Politique nationale de nutrition et d’alimentation 2014-2025
Country
Type of law
Policy
Abstract
Face aux défis de la malnutrition, le Tchad a élaboré en 2013 un document de Politique nationale de nutrition et d’alimentation pour la période 2014-2025. Le but de cette politique est de d’institutionnaliser la dimension nutrition et alimentation comme un véritable facteur de développement et qu’elle soit reconnue comme un « droit de la population Tchadienne toute entière en vue d’améliorer la survie de leurs enfants et en leur permettant un développement maximal de leurs potentialités physiques et intellectuelles ainsi que de promouvoir la santé et le bien-être des mères et des adultes». Pour atteindre ce but, ce document fixe trois (5) objectifs généraux, notamment Assurer aux Tchadiens l’accès aux denrées alimentaires en quantité et en qualité suffisantes et de façon pérenne, en particulier les plus pauvres ; Réduire de façon significative et durable la mortalité et la morbidité liées aux problèmes de nutrition et d’alimentation, en particulier par la prévention et la prise en charge correcte de la malnutrition et à l’échelle; et Promouvoir des comportements alimentaires et nutritionnels adéquats à mieux de garantir un développement du capital humain.
La Politique Nationale de Nutrition et d’Alimentation (PNNA) s’articule autour de cinq (5) axes stratégiques programmatiques d’intervention: la Nutrition dans le Système de Santé; la Nutrition et Sécurité alimentaire; la Nutrition Communautaire; la Nutrition dans le Système éducatif; et le Renforcement du cadre institutionnel. Ces axes stratégiques seront appuyés par six (6) axes transversaux.
Pour remédier à l’insécurité alimentaire et nutritionnelle et combattre la pénurie alimentaire, cette politique préconise augmenter de façon durable la disponibilité, l’accessibilité et l’utilisation d’une nourriture de qualité au niveau des ménages; et augmenter les apports en micronutriments. Par ailleurs, elle prévoit assurer un paquet de services intégrés de nutrition de qualité et une prise en charge correcte de la malnutrition aigüe des enfants, de la femme enceinte et allaitante au niveau de toutes les structures de santé du pays; améliorer les pratiques d’hygiène et les interventions en matière de déparasitage; et renforcer la participation communautaire en matière de nutrition et alimentation. Enfin, elle envisage assurer une alimentation suffisante et saine en milieu scolaire et universitaire; et mettre en œuvre un programme d’alimentation scolaire.

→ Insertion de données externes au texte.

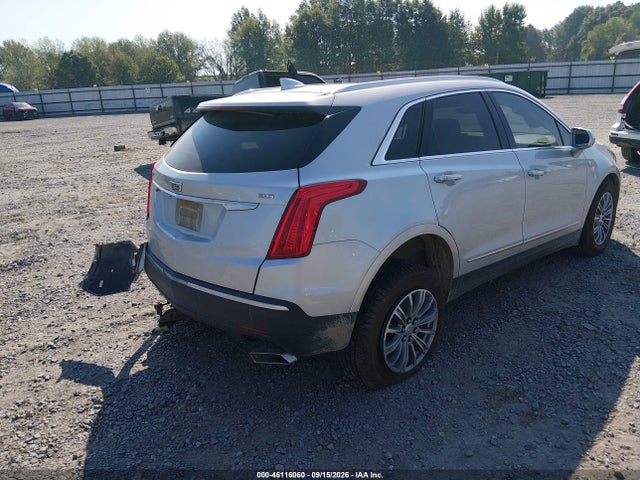 2017 CADILLAC XT5 LUXURY 4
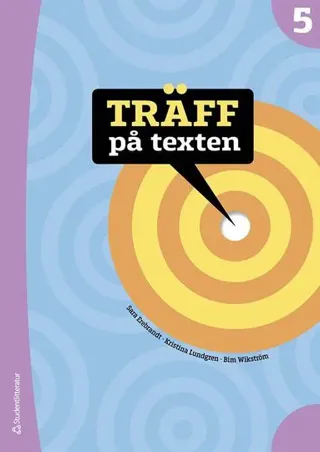 Träff på texten 5 Elevpaket - Tryckt bok + Digital elevlicens 12 mån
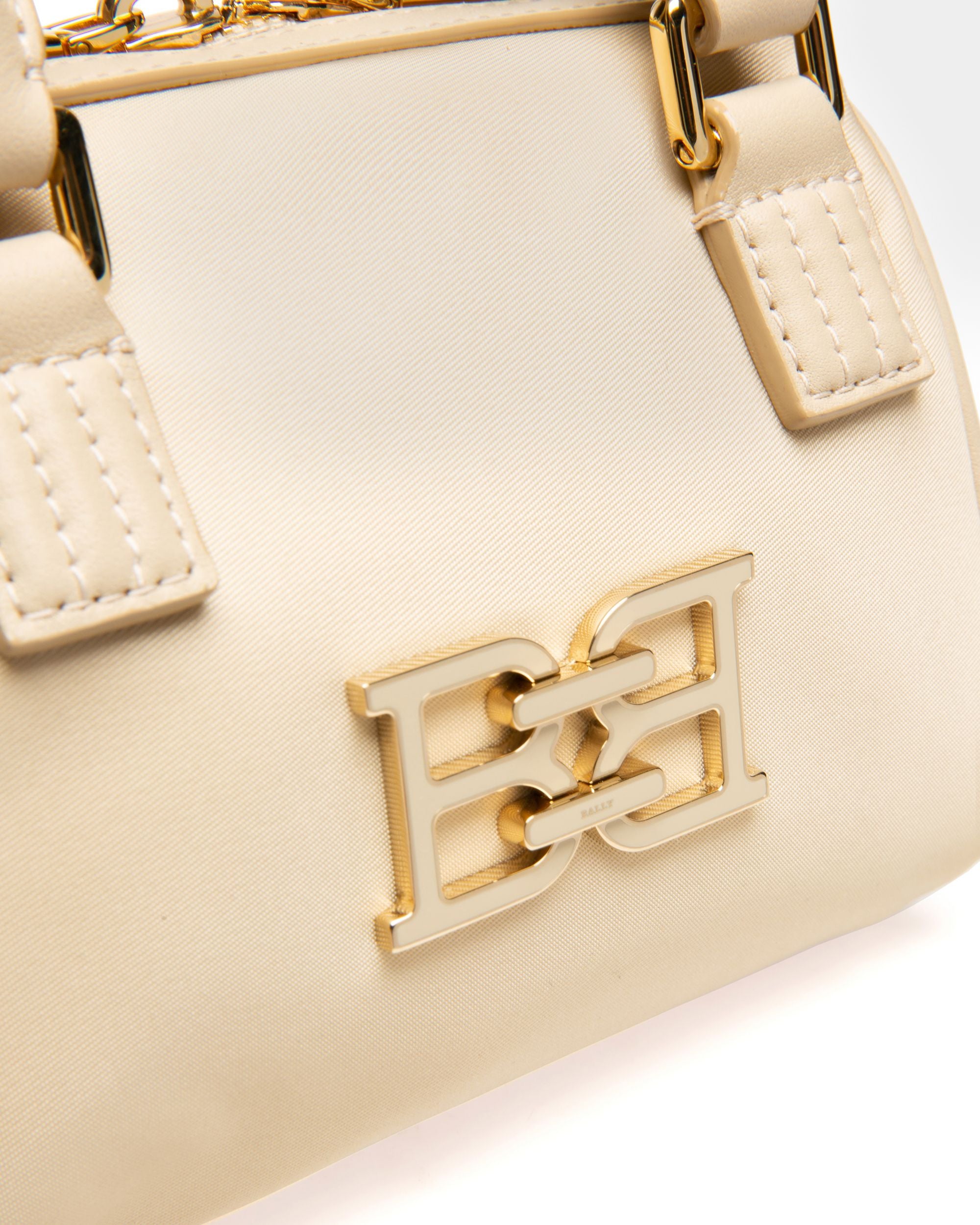 Evin Minibag In Fossil Nylon - Women's - Bally - 04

Concernant la réduction de la pauvreté rurale, cette politique prévoit améliorer la croissance des enfants, en particulier, ceux vivants dans les zones les plus vulnérables tels les poches de pauvreté urbaines ou rurales, les zones d’accès difficile (zones pastorales, les Îles, les zones désertiques et les villages isolés). Par ailleurs, elle prévoit renforcer la participation communautaire en matière de nutrition et alimentation. Enfin, elle promet de promouvoir et renforcer les programmes de communication pour le changement de comportement; renforcer le degré de prise de conscience des parties prenantes en milieu rural sur l'importance d'une bonne nutrition dans la préservation de la santé.
Au niveau des systèmes agricoles et alimentaires plus inclusifs et efficaces, ce document politique prévoit élaboration et application des normes et législations relatives à la nutrition et à l’alimentation; la communication pour le développement en faveur de la nutrition et l’alimentation; et système national de surveillance de l’alimentation et de la nutrition; et appui et promotion de la recherche appliquée en matière de nutrition et d’alimentation.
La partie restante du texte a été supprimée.